USD/CHF dropped further to as low as 1.0577 last week but drew support from 61.8% retracement of 0.9916 to 1.1729 at 1.0609 and turned sideway. A temporary low should be in place and initial bias is neutral this week. Some recovery might be seen but another fall will remain in favor as long as 1.1009 resistance holds. Sustained trading below 1.0609 fibonacci level will target 1.0434 support next. Though, break of 1.1009 will indicate that fall from 1.1729 is possibly over and will turn bias back to the upside for stronger rebound.
In the bigger picture, the close below medium term trend line support argues that rise from 0.9916 is finished but 61.8% retracement of 0.9916 to 1.1729 at 1.0609 is still intact. We'll turn neutral first. Sustained trading below 1.0609 will indicate that whole rise from 0.9916 is finished. This will also argue that recent price actions are merely part of the sideway pattern that started at 2007 low of 0.9634. In such case, deeper fall would be seen to outer trend line support (0.9634, 0.9916, now at 1.0009). On the upside, break of 1.1009 resistance will revive the case that fall from 1.1729 is merely a correction and rise from 0.9916 is still set to resume for 1.2296 resistance next.
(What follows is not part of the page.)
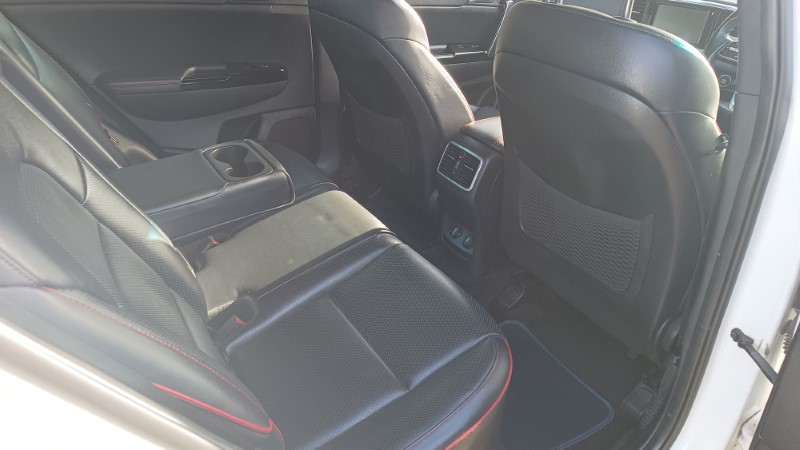 Kia Sportage Gt Line For Sale Stockport (4)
In the longer term picture, a long term bottom is no doubt in place at 0.9634 with bullish convergence condition in monthly MACD. Rise from 0.9916 is set to resume the rise from 0.9634 and 55 months EMA should be taken out firmly. Such development will favor the case that long term down trend from 1.8305 has reversed and would favor stronger rise to 1.3283 resistance and above.